_WHAT THE EXERCISE ASKS_
Without any pictures, print the lines below from the one that has "Mother feeding her" through the one that has "three envelopes with", exactly and nothing else.

_INPUT_
========================
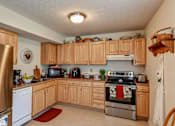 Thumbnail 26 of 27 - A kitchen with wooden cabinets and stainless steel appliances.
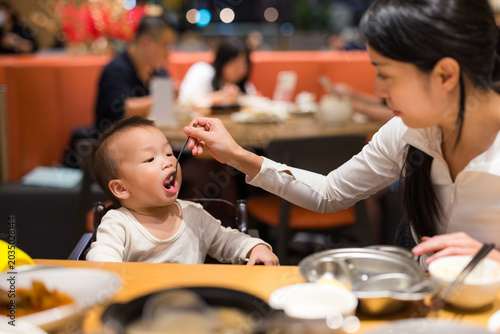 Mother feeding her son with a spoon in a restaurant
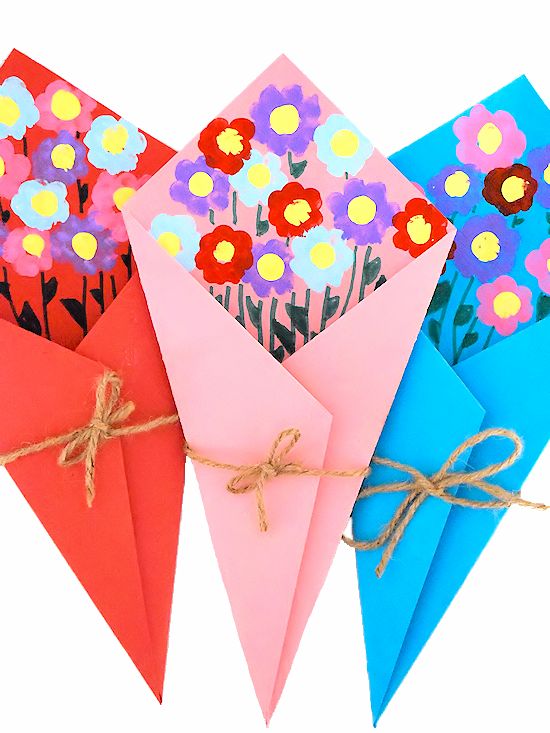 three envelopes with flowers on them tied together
========================
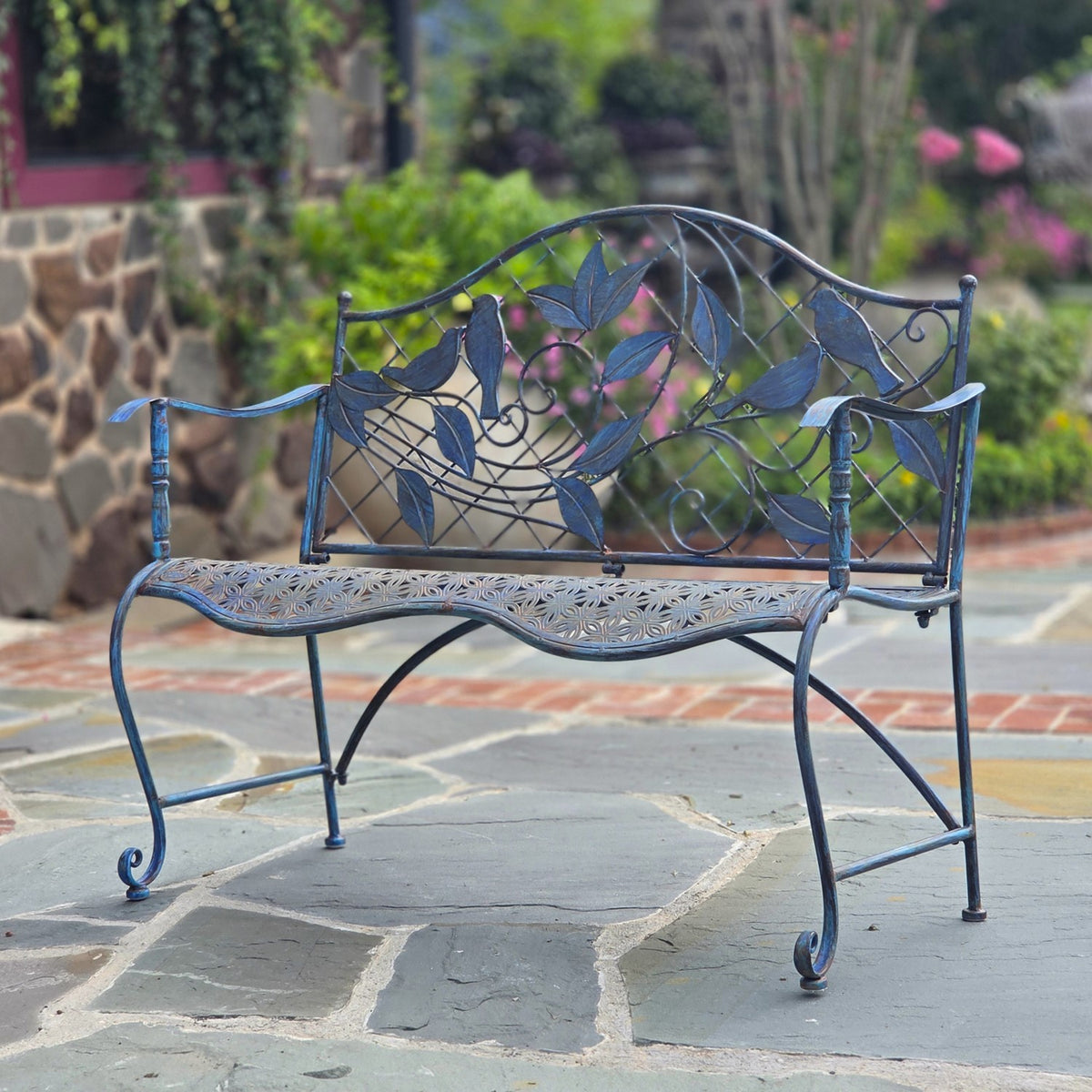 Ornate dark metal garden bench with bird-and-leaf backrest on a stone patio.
========================
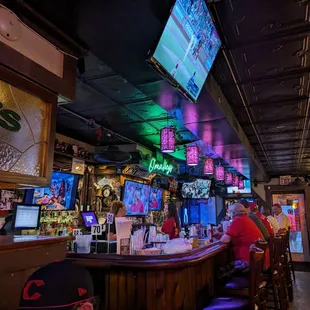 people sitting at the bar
========================
_EXERCISE RESULT_
 Mother feeding her son with a spoon in a restaurant
 three envelopes with flowers on them tied together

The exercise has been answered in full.